Click [***here***](https://github.com/SanthwanaT/Seminar-3/blob/main/structured_data.csv) to understand more about the dataset 

In [None]:
!pip install pandas scikit-learn spacy opencv-python-headless matplotlib librosa pydub
!python -m spacy download en_core_web_sm

### 💡 Task 1.1 : Upload and Load the Dataset 

- Upload the dataset from your local machine to Colab.
- Read it into a pandas DataFrame.
- Preview the first few rows.

Option 2: You're not in Colab
Then do not use from google.colab import files. Instead, use standard file upload or path loading methods.



In [None]:
# Upload the dataset from  drive link 
from google.colab import files
uploaded = files.upload()

# Load the uploaded CSV file
import pandas as pd

data = pd.read_csv("strucdata.csv")  # Use the name of the uploaded file
data.head()


In [5]:
import pandas as pd

# Make sure the file exists in the working directory
data = pd.read_csv("strucdata.csv")
data.head()


Unnamed: 0,Age,Education,Occupation,Relationship,Sex,Country
0,39,Bachelors,Adm-clerical,Not-in-family,Male,United-States
1,50,Bachelors,Exec-managerial,Husband,Male,United-States
2,38,HS-grad,Handlers-cleaners,Not-in-family,Male,United-States
3,53,11th,Handlers-cleaners,Husband,Male,United-States
4,28,Bachelors,Prof-specialty,Wife,Female,Cuba


### 💡 Task 1.2 : Clean and Standardize String Columns

- Whitespace and inconsistent casing can prevent accurate mapping.
- Standardize entries in Education, Occupation, and Country:
- Remove extra spaces.
- Capitalize words consistently.

In [6]:
# Strip whitespace and convert to title case
for col in ['Education', 'Occupation', 'Country']:
    data[col] = data[col].str.strip().str.title()
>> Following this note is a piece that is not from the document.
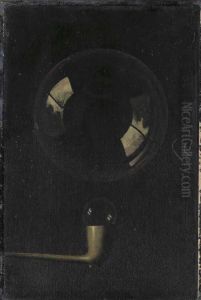Still Life With Pipe And Bubbles by Thomas H. Hope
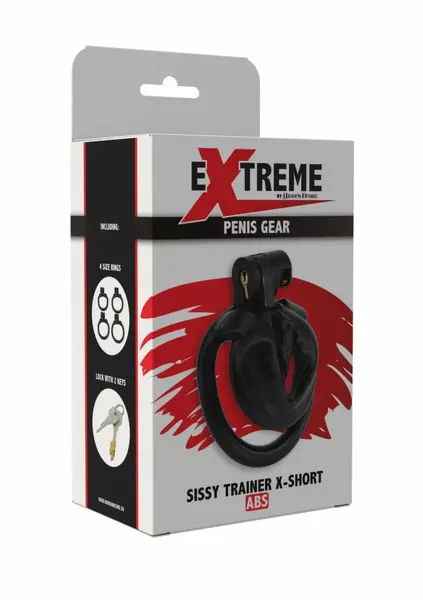 EXTREME by HIDDEN DESIRE Sissy Trainer X-Short Chastity System Pink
# View distinct cleaned values
data[['Education', 'Occupation', 'Country']].drop_duplicates()


Unnamed: 0,Education,Occupation,Country
0,Bachelors,Adm-Clerical,United-States
1,Bachelors,Exec-Managerial,United-States
2,Hs-Grad,Handlers-Cleaners,United-States
3,11Th,Handlers-Cleaners,United-States
4,Bachelors,Prof-Specialty,Cuba
...,...,...,...
32327,Bachelors,Prof-Specialty,Hong
32371,Bachelors,Exec-Managerial,Scotland
32456,11Th,Craft-Repair,Honduras
32508,10Th,Other-Service,Dominican-Republic


### 💡 Task 1.3: Bin the 'Age' Attribute into Groups

- Convert numerical Age into intervals (e.g., "21–30", "31–40").
- This reduces granularity and increases privacy.
- Binning helps meet the k-anonymity requirement.

In [7]:
# Define bins and labels
bins = [0, 20, 30, 40, 50, 60, 100]
labels = ['0-20', '21-30', '31-40', '41-50', '51-60', '60+']

# Apply binning
data['Age_group'] = pd.cut(data['Age'], bins=bins, labels=labels, right=False)
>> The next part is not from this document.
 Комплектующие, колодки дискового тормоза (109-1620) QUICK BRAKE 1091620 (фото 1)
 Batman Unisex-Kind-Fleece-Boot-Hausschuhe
# View the binned age groups
data[['Age', 'Age_group']].head()


Unnamed: 0,Age,Age_group
0,39,31-40
1,50,51-60
2,38,31-40
3,53,51-60
4,28,21-30


### 💡 Task 1.4: Generalize Quasi-Identifiers

- Replace specific values with general categories:
  - Education: into HighSchool, Dropout, HigherEd, etc.
  - Occupation: into broader fields like Management, Labor, etc.
  - Country: into geographic regions (e.g., North America, Asia).
- These fields are quasi-identifiers and must be generalized to protect identity.


In [8]:
# Generalize Education
education_map = {
    'Bachelors': 'HigherEd', 'Masters': 'HigherEd', 'Doctorate': 'HigherEd',
    'Hs-Grad': 'HighSchool', 'Some-College': 'HighSchool',
    '11Th': 'Dropout', '9Th': 'Dropout', '7Th-8Th': 'Dropout',
    'Assoc-Acdm': 'Associate', 'Assoc-Voc': 'Associate'
}

# Generalize Occupation
occupation_map = {
    'Adm-Clerical': 'Clerical', 'Exec-Managerial': 'Management',
    'Handlers-Cleaners': 'Manual Labor', 'Prof-Specialty': 'Professional',
    'Other-Service': 'Service', 'Sales': 'Sales',
    'Craft-Repair': 'Skilled Trade', 'Transport-Moving': 'Transport',
    'Farming-Fishing': 'Agriculture', 'Machine-Op-Inspct': 'Manufacturing'
}

# Generalize Country to Region
region_map = {
    'United-States': 'North America', 'Cuba': 'Latin America',
    'Jamaica': 'Latin America', 'India': 'Asia', 'Mexico': 'Latin America'
}

# Apply generalizations
data['Education_gen'] = data['Education'].replace(education_map)
data['Occupation_gen'] = data['Occupation'].replace(occupation_map)
data['Region'] = data['Country'].replace(region_map)

# View generalized fields
data[['Education_gen', 'Occupation_gen', 'Region']].drop_duplicates()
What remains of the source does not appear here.